A Look at South End Jewish Winnipeg Before 1945

November 20, 2020

                 The tension that has existed between South End and North End Jews for much of our history is exemplified by complaints in 1911 that South Enders “were determined [to] impose their undisputed power” over the large majority who lived North. At that time, the population balance was 85% North and 15% South. Little changed until after World War II when migration created the present balance of 55% south, 17% north, and 32% elsewhere. Thinking in traditional terms, today’s readers may be surprised to learn that South End Jews before World War I lived mostly between Bannatyne and the CPR tracks and only slowly edged further south to streets near the Provincial Legislature before spreading west into Wolseley. Many attended Shaarey Zedek on Dagmar near William although a few rented space along Westminster for the High Holidays so they could walk to services.

Before World War I, only a handful of Jews lived south of the Assiniboine River in Ft. Rouge on both sides of Osborne before moving into Crescentwood and River Heights as these neighbourhoods developed in the 1920s and 1930s. A so-called gentlemen’s agreement closed Old Tuxedo to Jewish settlement while today’s South River Heights and Tuxedo only emerged after World War II when the City cleared the largely Méti “Rooster Town.” Some South Enders founded the Ft. Rouge Hebrew Congregation in 1923 on Nassau near Macmillan as an Orthodox house of worship and community centre. The new synagogue remained small and lacked a permanent rabbi. Many residents commuted to Shaarey Zedek until it absorbed the South End congregation in 1936 and moved to Wellington Crescent in 1950.

Despite some continuing estrangement between North and South, personal contacts were generally close and friendly. South End Jewish families mostly got along with their gentile neighbours at home and at school but they generally socialized with each other and with their North End relatives.

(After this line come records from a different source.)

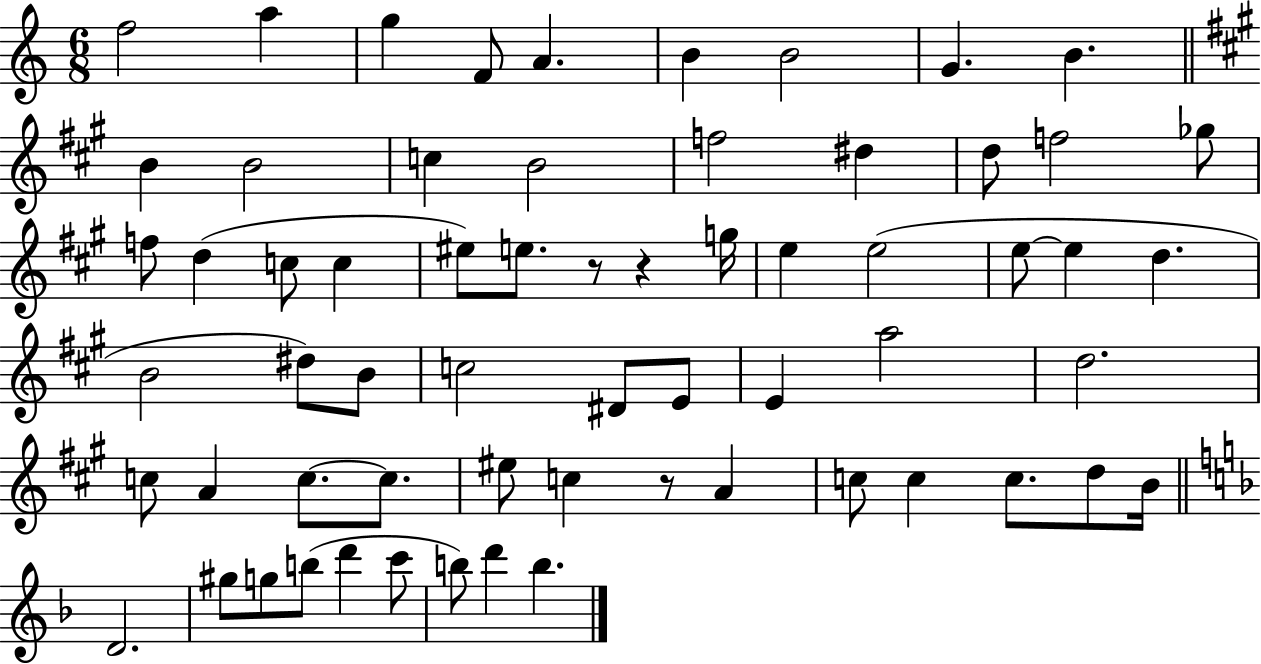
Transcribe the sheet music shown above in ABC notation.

X:1
T:Untitled
M:6/8
L:1/4
K:C
f2 a g F/2 A B B2 G B B B2 c B2 f2 ^d d/2 f2 _g/2 f/2 d c/2 c ^e/2 e/2 z/2 z g/4 e e2 e/2 e d B2 ^d/2 B/2 c2 ^D/2 E/2 E a2 d2 c/2 A c/2 c/2 ^e/2 c z/2 A c/2 c c/2 d/2 B/4 D2 ^g/2 g/2 b/2 d' c'/2 b/2 d' b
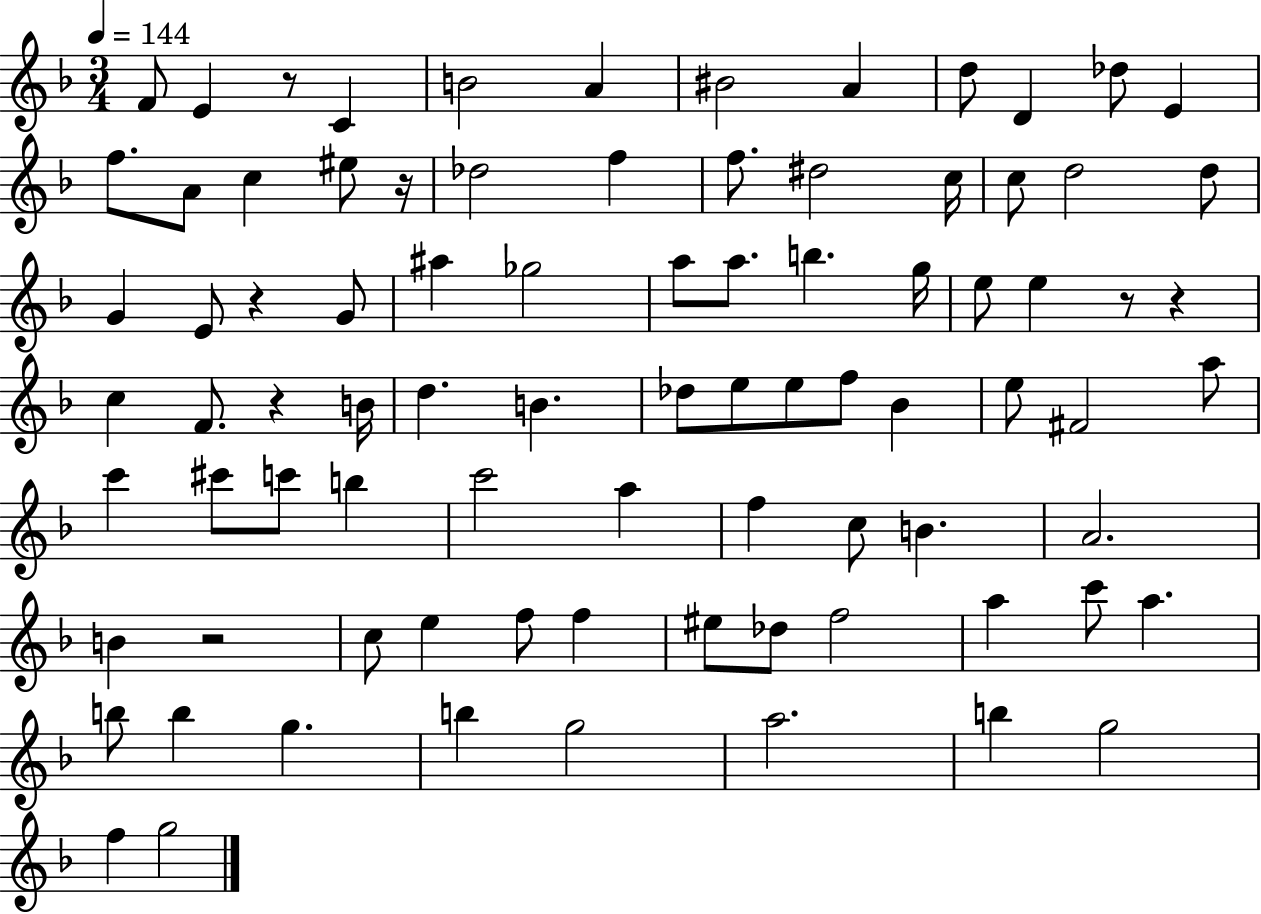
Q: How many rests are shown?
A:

Young people from both districts mixed freely and hung out together at the Albert Street “Y” despite some sense of difference. South Enders travelled north regularly to see family and to buy Jewish foods.

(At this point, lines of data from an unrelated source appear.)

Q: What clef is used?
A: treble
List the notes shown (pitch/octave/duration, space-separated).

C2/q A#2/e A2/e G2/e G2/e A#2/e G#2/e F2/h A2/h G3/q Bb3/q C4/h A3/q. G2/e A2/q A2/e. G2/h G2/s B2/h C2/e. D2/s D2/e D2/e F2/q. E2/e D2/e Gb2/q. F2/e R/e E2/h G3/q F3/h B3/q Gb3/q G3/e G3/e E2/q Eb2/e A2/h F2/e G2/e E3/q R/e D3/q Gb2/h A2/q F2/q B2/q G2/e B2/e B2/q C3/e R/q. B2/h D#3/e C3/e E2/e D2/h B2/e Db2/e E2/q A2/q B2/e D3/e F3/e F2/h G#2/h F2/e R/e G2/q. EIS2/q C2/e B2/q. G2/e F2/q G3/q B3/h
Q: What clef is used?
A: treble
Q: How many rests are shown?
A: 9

Like their North End counterparts, South End Jews mostly came from Eastern Europe although there was a scattering of Central and West European Jews too. The big difference was that many South Enders immigrated a generation or two earlier so they had more time to learn English and establish themselves economically. A noticeable subgroup owned stores in English-speaking small towns before moving to Winnipeg.

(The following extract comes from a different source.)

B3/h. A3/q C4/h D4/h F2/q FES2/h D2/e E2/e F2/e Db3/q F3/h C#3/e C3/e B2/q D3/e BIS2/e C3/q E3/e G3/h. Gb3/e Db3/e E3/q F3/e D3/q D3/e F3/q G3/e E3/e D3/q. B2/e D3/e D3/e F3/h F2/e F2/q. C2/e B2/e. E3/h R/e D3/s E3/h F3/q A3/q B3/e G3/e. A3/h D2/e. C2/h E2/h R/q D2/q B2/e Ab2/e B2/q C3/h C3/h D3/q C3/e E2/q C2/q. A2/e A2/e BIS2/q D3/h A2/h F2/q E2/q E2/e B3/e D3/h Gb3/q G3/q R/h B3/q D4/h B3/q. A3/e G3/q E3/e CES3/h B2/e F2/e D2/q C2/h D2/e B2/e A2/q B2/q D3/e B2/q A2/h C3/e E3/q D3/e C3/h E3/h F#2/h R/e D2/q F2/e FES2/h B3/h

These differences gave a different flavour to Jewish life in North End and South End Winnipeg. The Yiddish, socialist, and religious elements that dominated North End life disappeared in the South or were kept private, while the more moderate politics and liberal religious tendencies of the South were completely overshadowed in the North. Some prosperous North Enders chose to keep closer to their roots by moving to middle class areas that developed east of Main Street between the two world wars and further north but more Jews moved south before and after World War II as integration into mainstream Canadian life progressed.

 

Bibliography

Daniel Stone, “The Other Jewish Winnipeg: Jews in the South End before 1945,” Manitoba History, #76 (Fall 2014), pp. 2-10.